◆ **TASK TO COMPLETE**: From the line containing "This is what" to the line containing "I've already set" in the records below, set down every line exactly as it stands, both ends included, and skip the pictures.

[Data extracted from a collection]
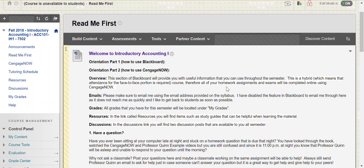Hi everybody! Welcome to Intro to Accounting 1. I'm Professor Quinn and in this first part of our orientation video I'm going to walk you through how we're going to be using Blackboard throughout the semester. In part two of the orientation video I'm going to walk you through our companion website called CengageNow, and that's the website where you're going to be submitting your homework assignments and exams.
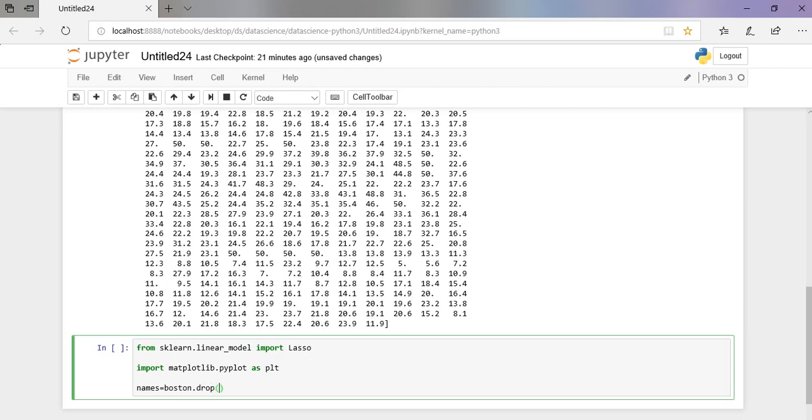In the names, I am going to print all the column names leaving the METV. So here I am dropping METV.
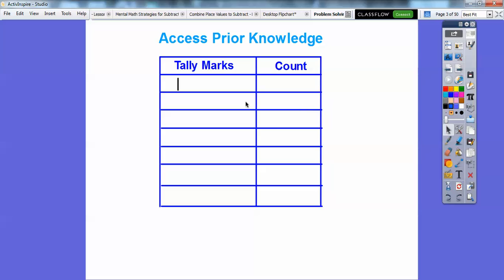One tally mark counts as one. Two tally marks counts as two, three tally marks is three, four tally marks is four. Do you remember how they count five? They wouldn't do five separate marks, because after a while it starts getting kind of hard to read. So what they do is a little cross thing right there — and this group represents five, making it a little easier, organized, and easier to see that this represents five.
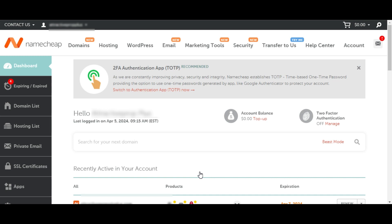This is what the dashboard looks like. Now we want to see how to renew the hosting account, the domain name, and also SSL for your website. There are two ways to renew your hosting, domain, and SSL — you can renew them individually, or you can renew them as a bundle, meaning you're renewing the hosting account, domain name, and SSL all together at once.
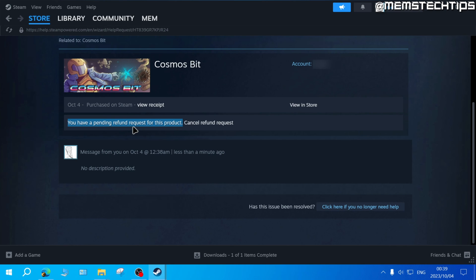That is how you can refund games on Steam. I hope this guide helped you out. Please like the video and I'll see you in the next one.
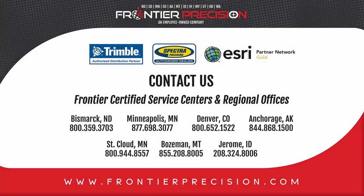That'll conclude today's Tech Talk. If you have any questions feel free to reach out to us at one of our offices or send us an email at survey_support@frontierprecision.com. Thanks and have a great day.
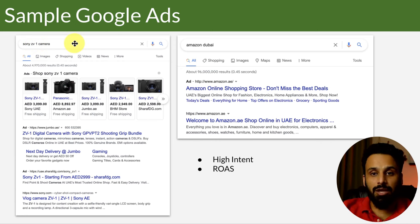This debunks a common myth: SEM, or search engine marketing, or Google Ads, is not a replacement for SEO. Amazon.ae has amazing SEO and ranks number one for certain keywords, but they still bid on those keywords. Even companies with great SEO still bid on keywords to show ads alongside their organic results. One reason is customizability — the organic result might just say 'Welcome to Amazon, shop online in UAE,' but with an ad they can say 'Don't miss the best deals' or '20% off' and change it in real time. We'll cover all the reasons throughout the course.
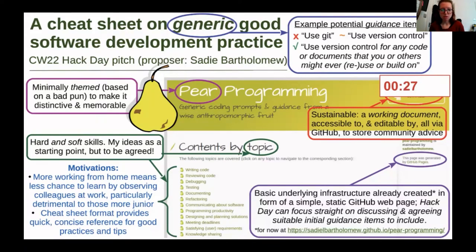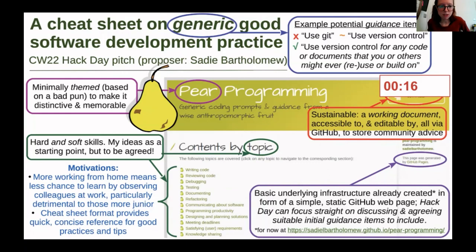I've already set up the infrastructure in the form of a web page shown in the screenshot on my slide. It's got a temporary home under my own GitHub user space — I hope we can move that to a more central location when it's more mature. I want to make it sustainable by ensuring it's a working document so anyone can propose tips or changes via the standard GitHub workflow.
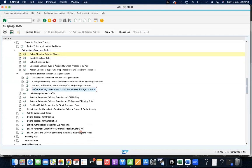I hope you got clarity on what is the benefit of having shipping point determination at the storage location level. You can watch the video, practice in your system, and check — maintain shipping point A at the storage location level and shipping point B at the plant level, then create an STO or sales order and see how the shipping point is determined. You can easily understand that the storage location-specific shipping point will be given the top priority.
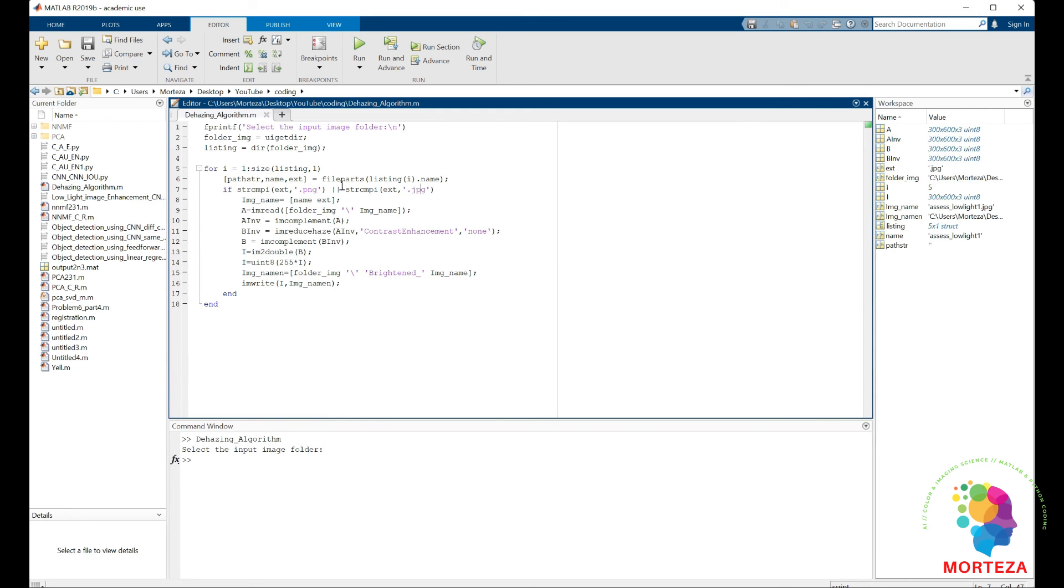Anyway that's about it. This is the algorithm and we were able to enhance some of the dark images very easily.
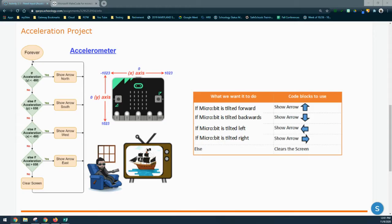The accelerometer uses both positive and negative values when tilting the microbit. When stationary or perfectly horizontal, both the x and y axes are set to zero. When tilted to the left, the numbers decrease into the negative range. When tilted to the right, the numbers increase to a positive value. Tilting forward also gives a negative number, and tilting back toward you increases the numbers on the y-axis into the positive range.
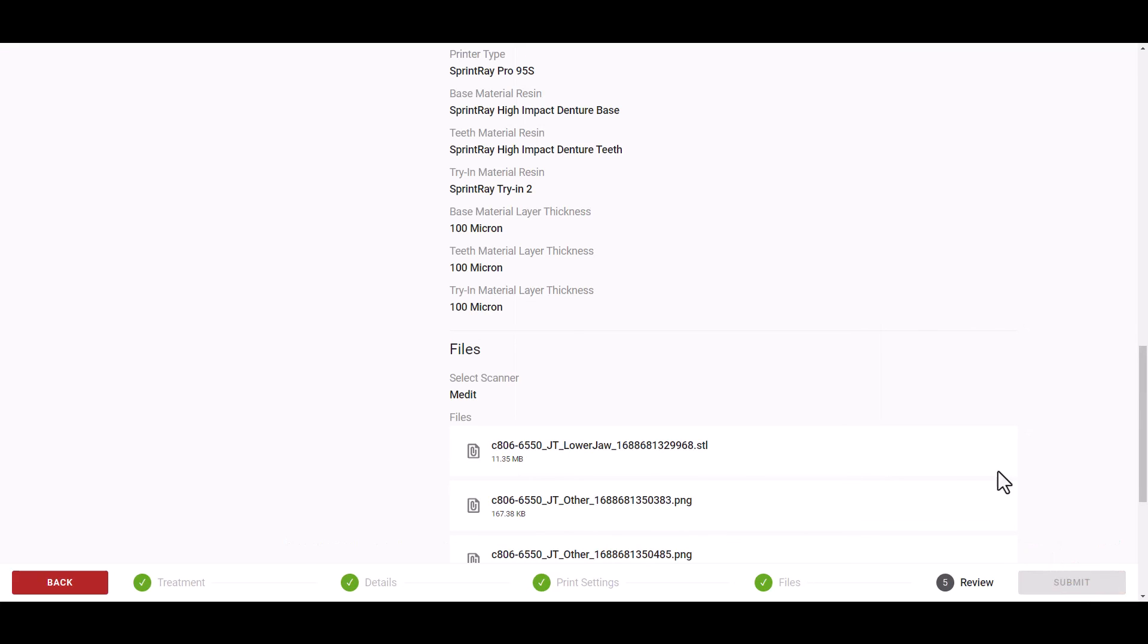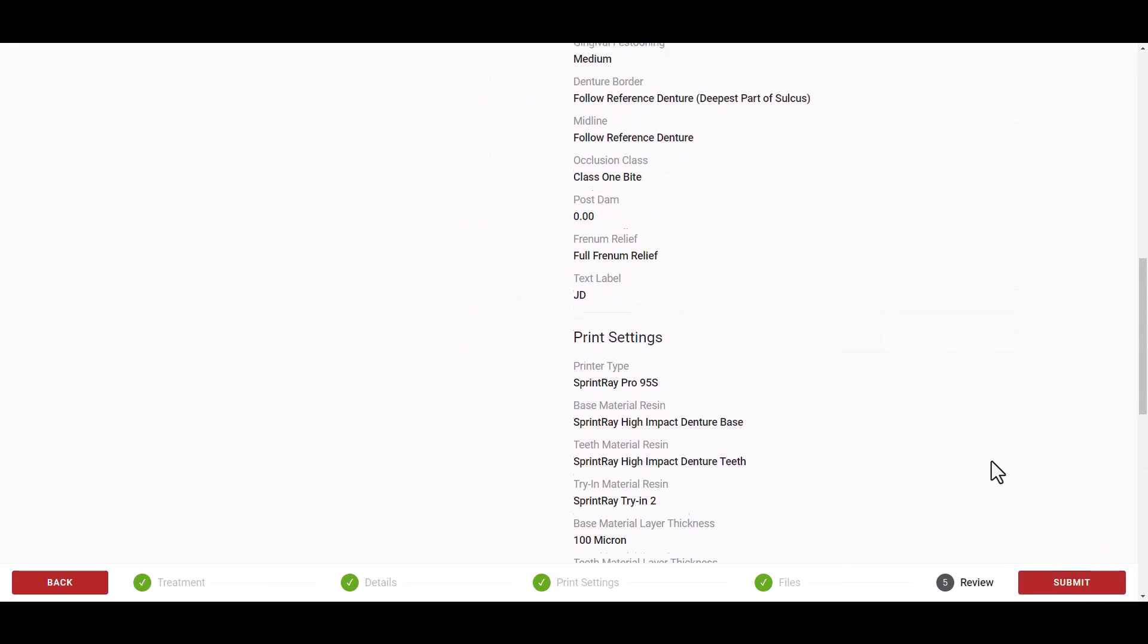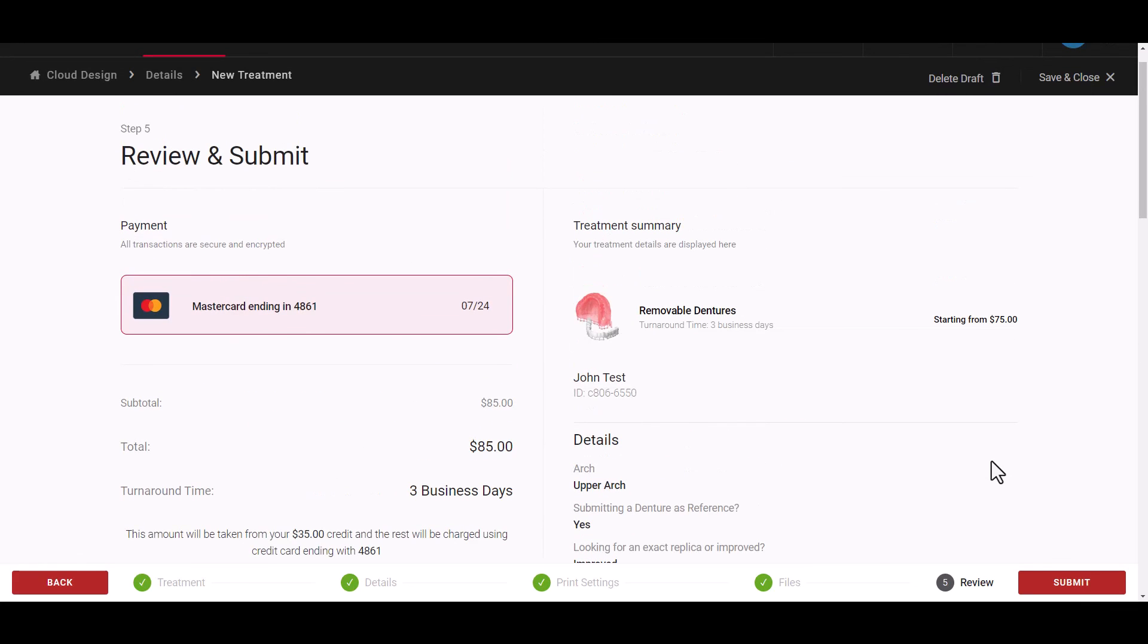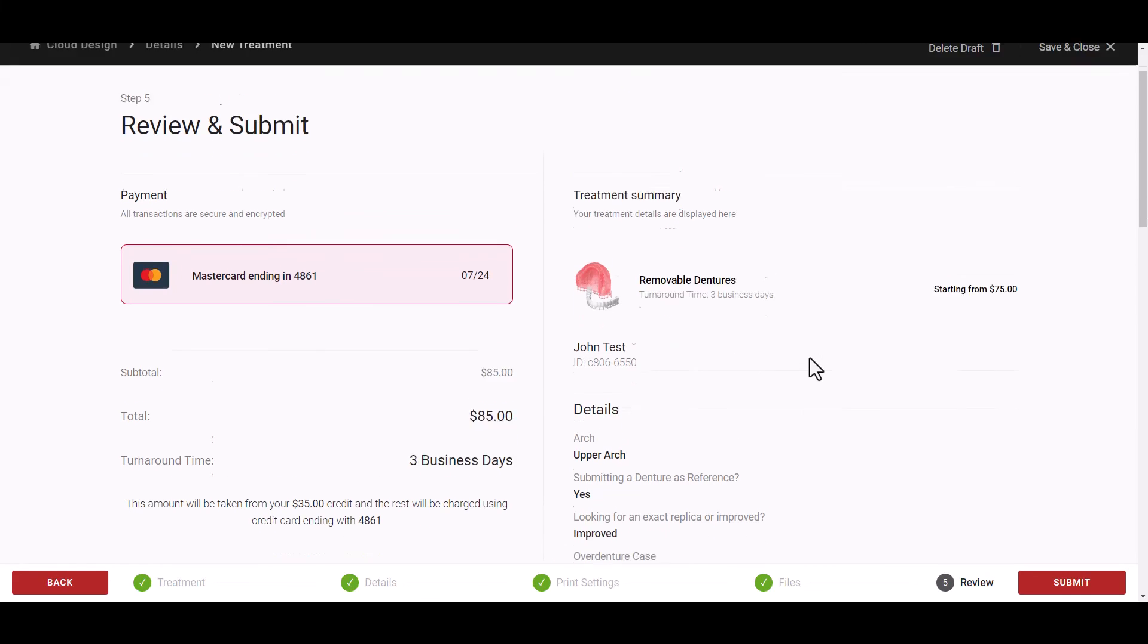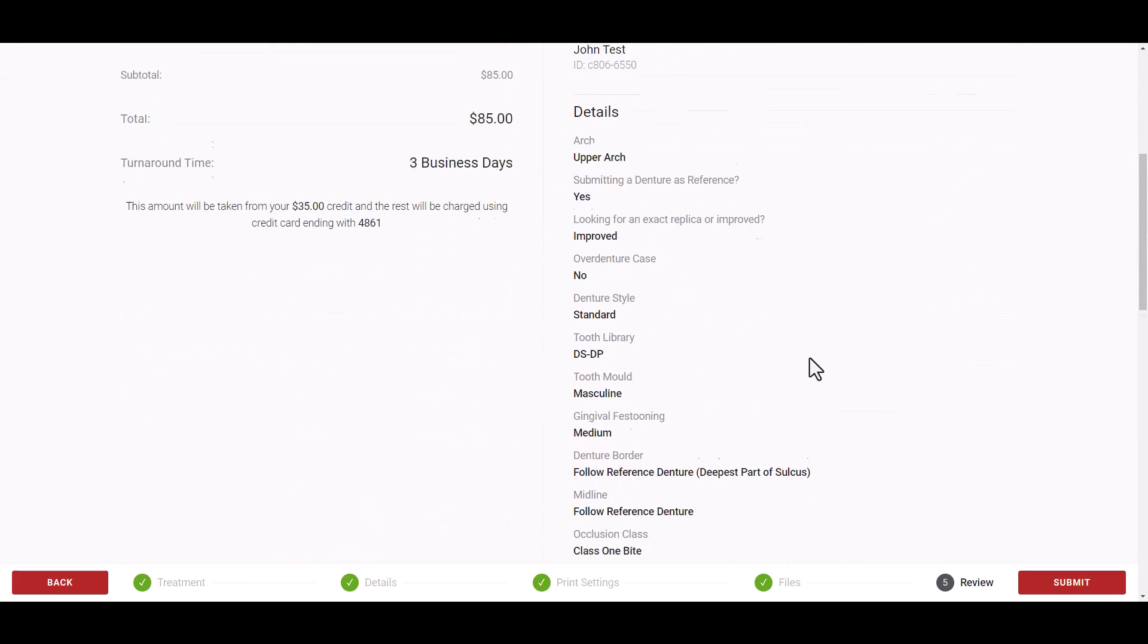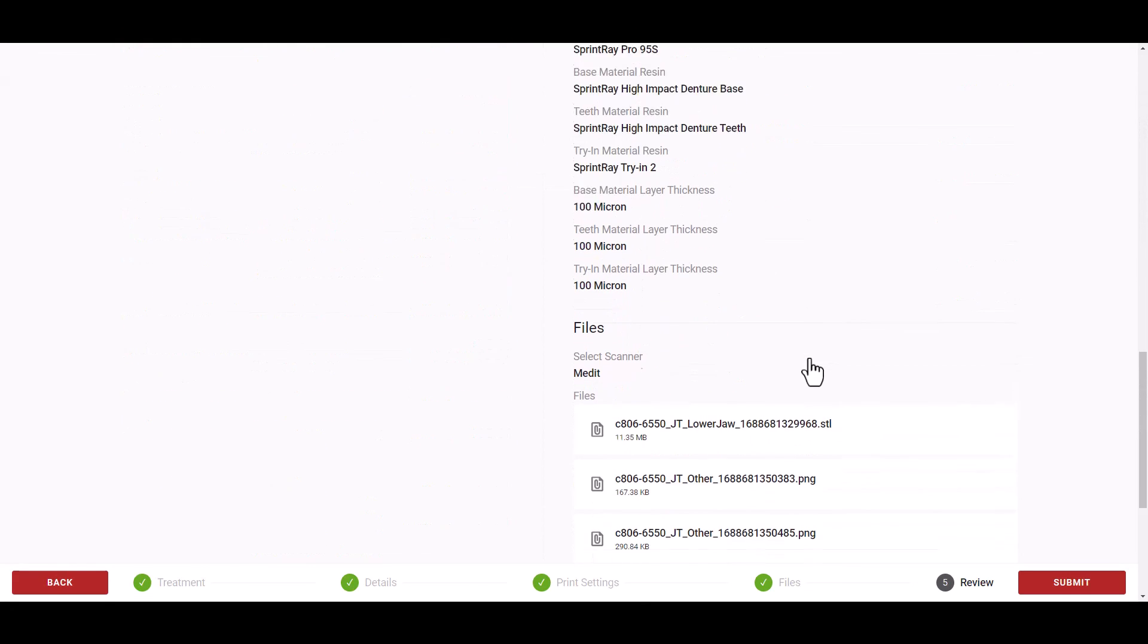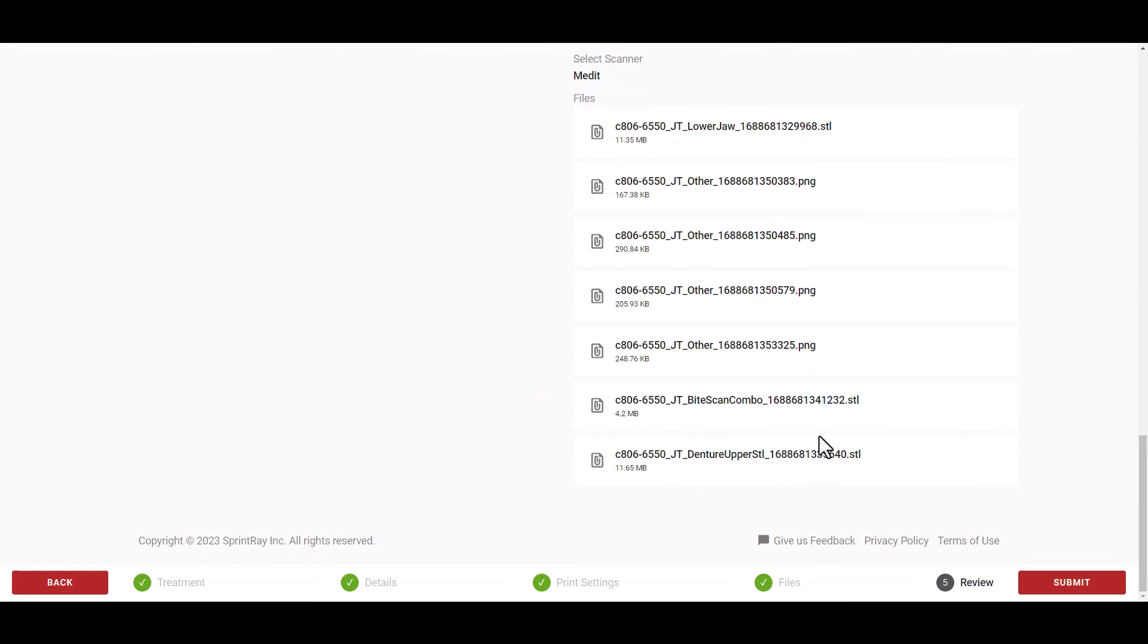The review stage will show all of the options that you have selected and show the total amount that will be charged to your credit card linked to your cloud design account. Here you can review all the selections as well as the files that you have uploaded for this treatment.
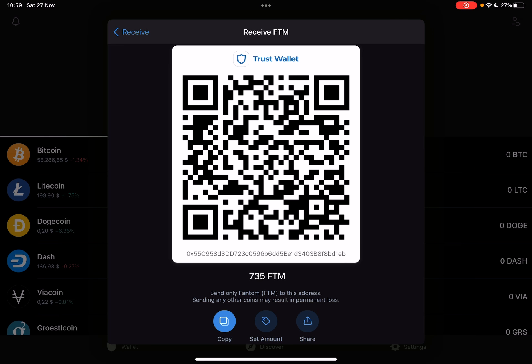The third option is the Share icon — you can share your QR code and address on social media or any other platforms so you can receive Phantom Coin. That's it for this video. Don't forget to subscribe for more tips on how you can earn money online, and see you in the next one. Bye.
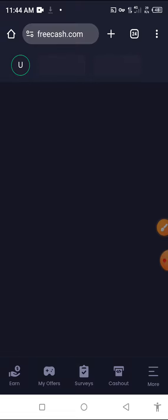FreeCash is a website that you have to earn a lot of money on the website. FreeCash.com is a website that you can download. My account is already available.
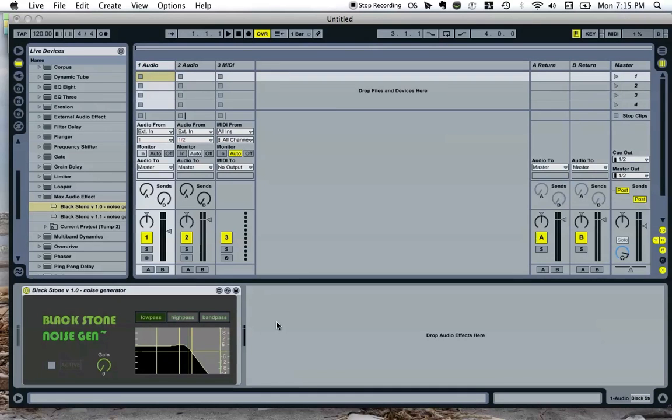Hi everybody, this is a video documenting the ongoing development of a noise generator plug-in that I'm building in Max4Live for use in studio work and live performance.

◆ **SOLUTION**:
This is what the dashboard looks like. Now we want to see how to renew the hosting account, the domain name, and also SSL for your website. There are two ways to renew your hosting, domain, and SSL — you can renew them individually, or you can renew them as a bundle, meaning you're renewing the hosting account, domain name, and SSL all together at once.
That is how you can refund games on Steam. I hope this guide helped you out. Please like the video and I'll see you in the next one.
That'll conclude today's Tech Talk. If you have any questions feel free to reach out to us at one of our offices or send us an email at survey_support@frontierprecision.com. Thanks and have a great day.
This debunks a common myth: SEM, or search engine marketing, or Google Ads, is not a replacement for SEO. Amazon.ae has amazing SEO and ranks number one for certain keywords, but they still bid on those keywords. Even companies with great SEO still bid on keywords to show ads alongside their organic results. One reason is customizability — the organic result might just say 'Welcome to Amazon, shop online in UAE,' but with an ad they can say 'Don't miss the best deals' or '20% off' and change it in real time. We'll cover all the reasons throughout the course.
I've already set up the infrastructure in the form of a web page shown in the screenshot on my slide. It's got a temporary home under my own GitHub user space — I hope we can move that to a more central location when it's more mature. I want to make it sustainable by ensuring it's a working document so anyone can propose tips or changes via the standard GitHub workflow.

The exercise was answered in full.